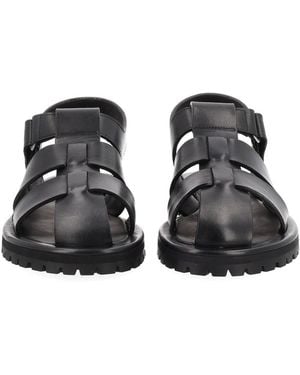 Studio Nicholson Sandals Sandom Calf Leather - Black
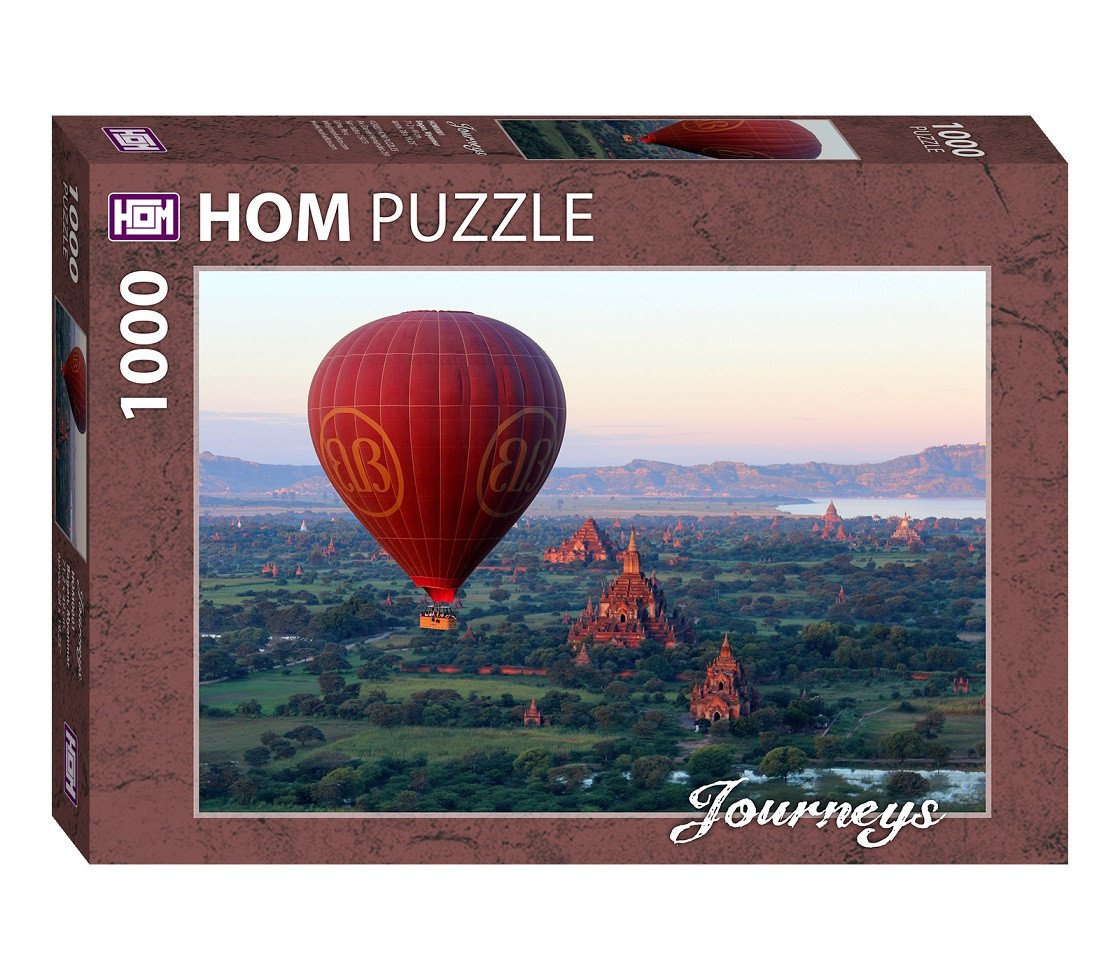 Puzzle 1000 pzs Journeys Bagan, Myanmar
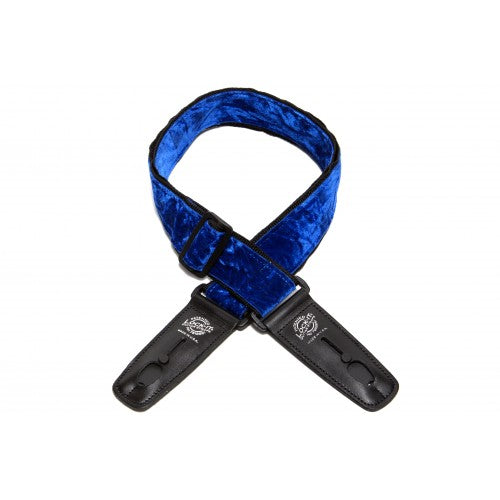 Lock-It 2 Inch Crushed Velvet Strap - Blue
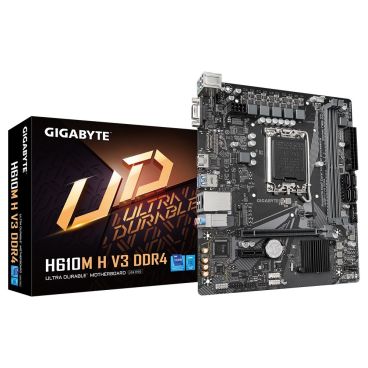 Gigabyte H610M H V3 DDR4 Motherboard | LGA 1700 | 2x DDR4 | HDMI | USB | mATX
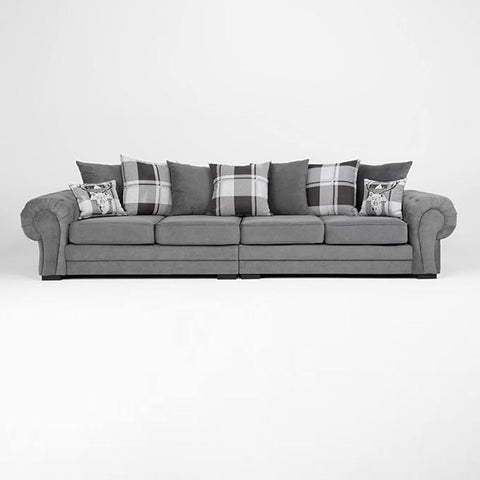 Verona 4 Seater Sofa Scatter Back Grey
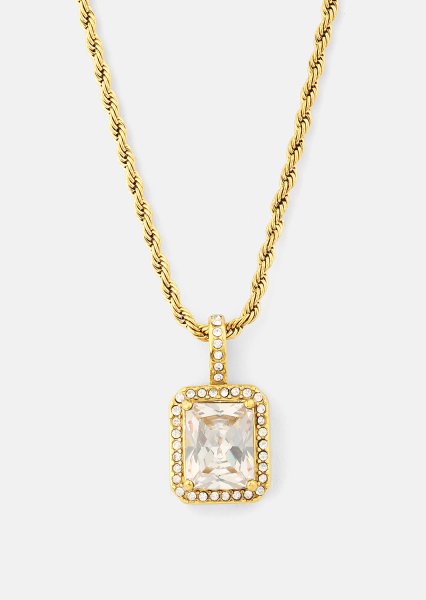 Collar White Luxus - 18k Chapado en oro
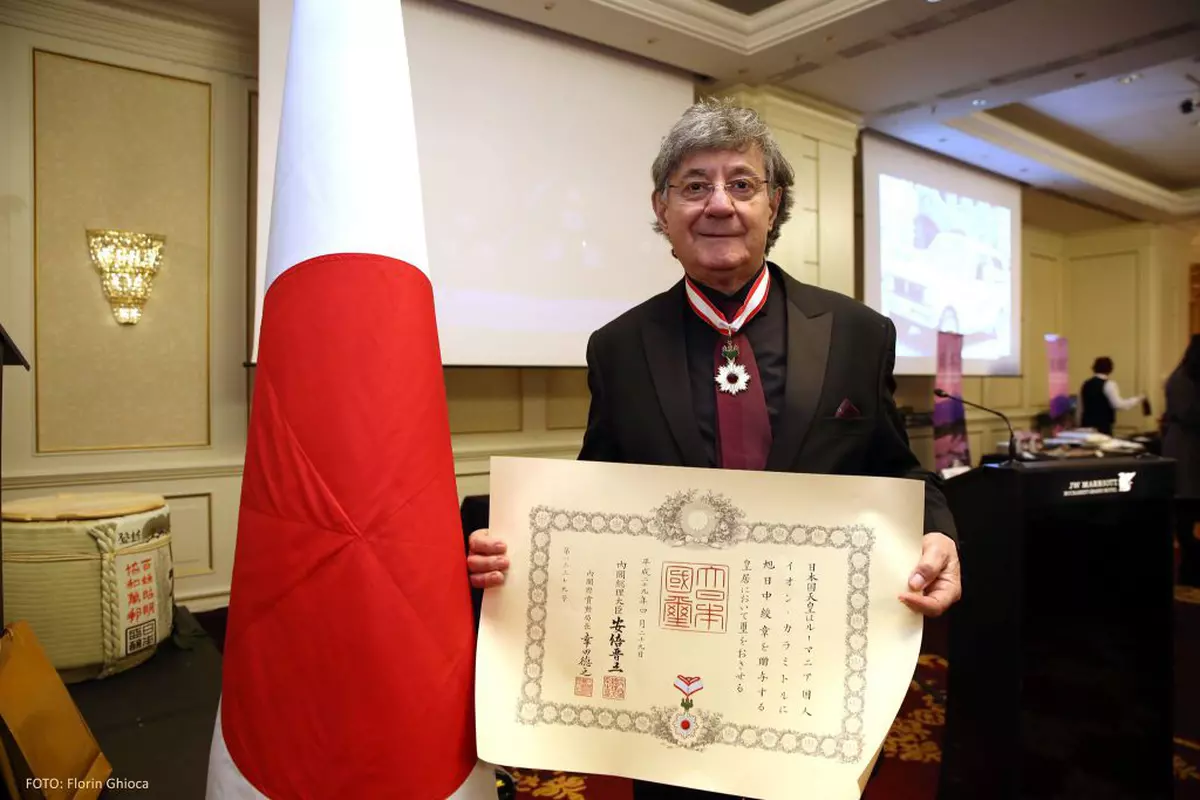 Ion Caramitru, premiat de Împăratul Japoniei. A primit „Ordinul Soarelui Răsare!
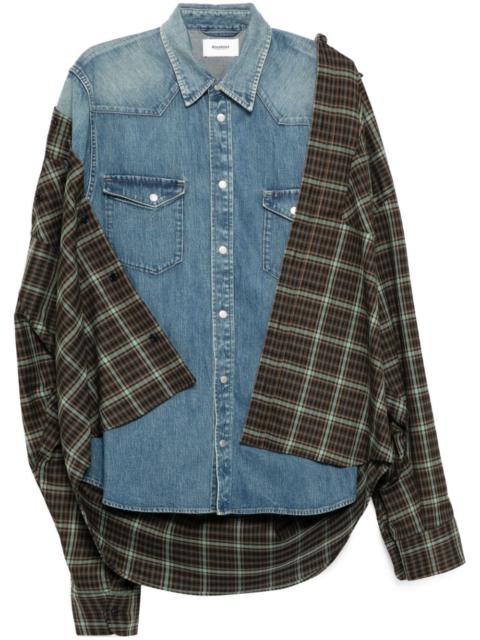 doublet undressed layered shirt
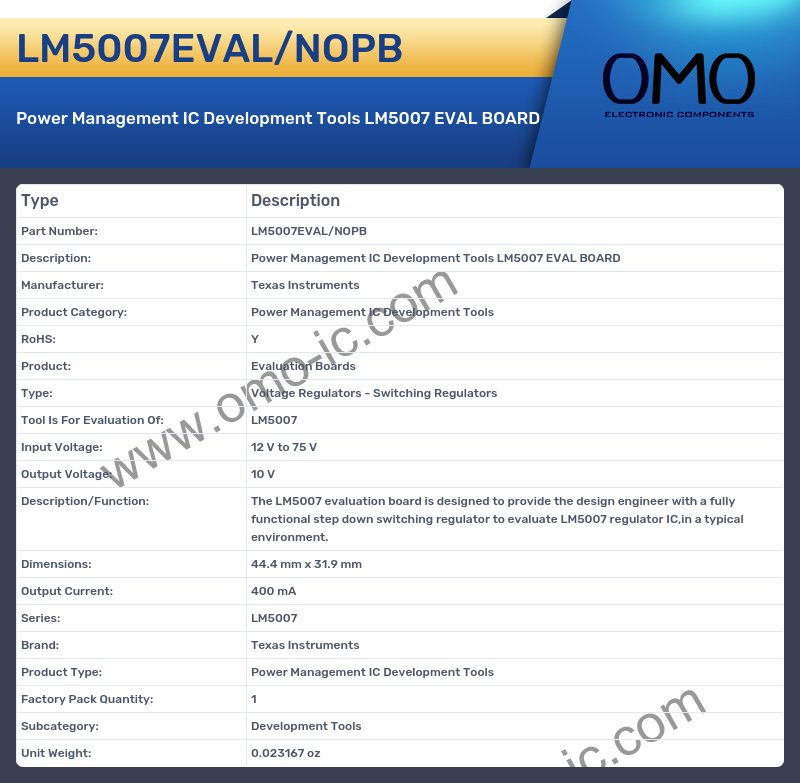 LM5007EVAL/NOPB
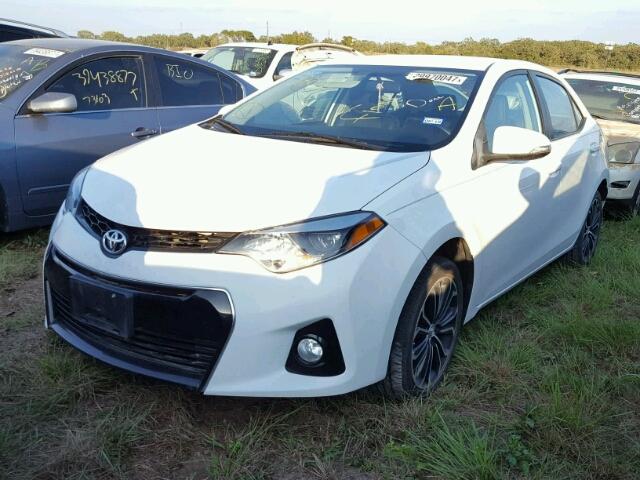 2T1BURHEXEC093169 - 2014 TOYOTA COROLLA WHITE photo 2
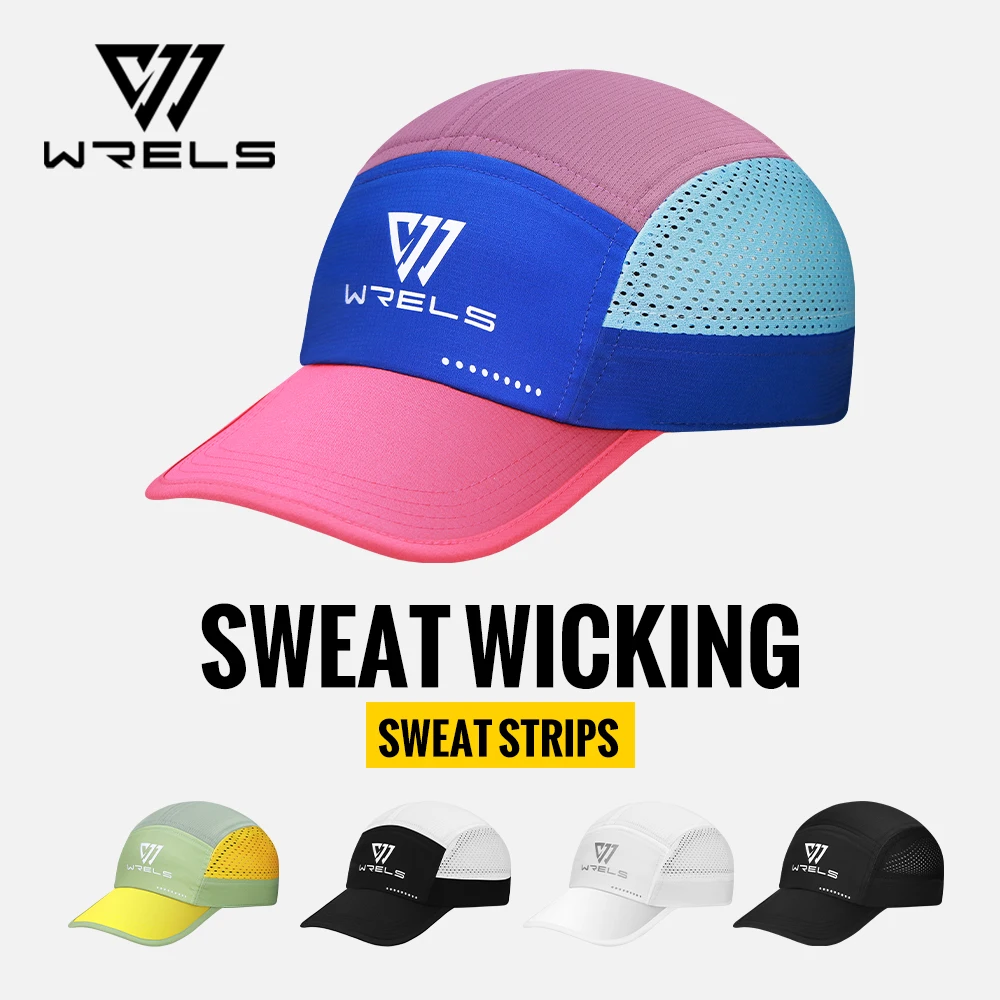 

Спортивная кепка-козырек WRELS с защитой от ультрафиолета, дышащая сетчатая кепка, регулируемая влагоотводящая кепка с козырьком, легкая теннисная кепка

============================================================

Brief
Starting with the line that has "Collar White Luxus - 18k Chapado en oro" and ending with the line that has "2T1BURHEXEC093169 - 2014", repeat the lines above exactly, omitting every picture.

Finished task
 Collar White Luxus - 18k Chapado en oro
 Ion Caramitru, premiat de Împăratul Japoniei. A primit „Ordinul Soarelui Răsare!
 doublet undressed layered shirt
 LM5007EVAL/NOPB
 2T1BURHEXEC093169 - 2014 TOYOTA COROLLA WHITE photo 2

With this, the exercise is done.